I’m implementing a fix (a biasing potential) and want to apply it in the NPT ensemble with a triclinic box. The issue I’m having is that my biasing potential does not yield a central force, which causes
r_if_j /= r_jf_i
for some i=x,y,z, j=x,y,z.
Correct me if I’m wrong, but fix nh appears to me to require the virial to be symmetric; this symmetry derived from the assumption that the energy is invariant with respect to distance-preserving transformations of the coordinates.
Is there a way to implement this fix without having to modify the pressure and integration fixes?

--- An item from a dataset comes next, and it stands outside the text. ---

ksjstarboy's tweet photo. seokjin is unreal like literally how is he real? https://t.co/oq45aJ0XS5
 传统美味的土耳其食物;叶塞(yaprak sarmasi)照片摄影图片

Aidan is the best developer to comment on this. He may
not be reading email thru the holidays. If you are
saying for the 3x3 viral tensor that Vij != Vji, you might
simply accumulate Vij += 0.5 * (vij + vii), since nothing
else in LAMMPS is going to use the values in the
asymmetric tensor, e.g. fix NPT does not use them.
All virial calculations in LAMMPS are based on the assumption of a symmetric tensor. There is a strong physical basis for this assumption. If you wish to violate it, you should ask yourself if this is really a good physical model. If the answer is yes, then I would like to see a previously published work that treats the physics and mathematics thoroughly.
The virial is symmetric provided the interatomic forces are central forces. Also, for strain energy computation the antisymmetric contributions of a matrix inner product vanish.
To make sure that I’m not misunderstanding anything:
The virial tensor is defined as
W_ij = sum_k -dU/dH_ik H_jk
where the columns of H are the box vectors.
If U is invariant under distance preserving transformations of the system, i.e.
U(r_1, r_2, …) = U(Q r_1 + c, Q r_2 + c, …)
where Q is in O(3) and c is a vector, then U can be expressed as a function of distances between positions and so the virial is symmetric,
W_ij = sum_k sum_a<b -dU/dr_ab dr_ab/dH_ik H_jk = sum_a<b -dU/dr_ab r_ab_i r_ab_j
where the sum is over all distances between atoms (and lattice vectors), and any other position that’s used in the potential.
Is there any other reason that the virial should be symmetric?
Also, in fix nh, is the box transformed by
just derivatives to the upper triangle of H (da_x/dt, db_x/dt, …, dc_z/dt) or
all derivatives, then rotated to make H upper triangular?
Is a point with a fixed (x, y, z) coordinate still at the same position relative to the dilation center?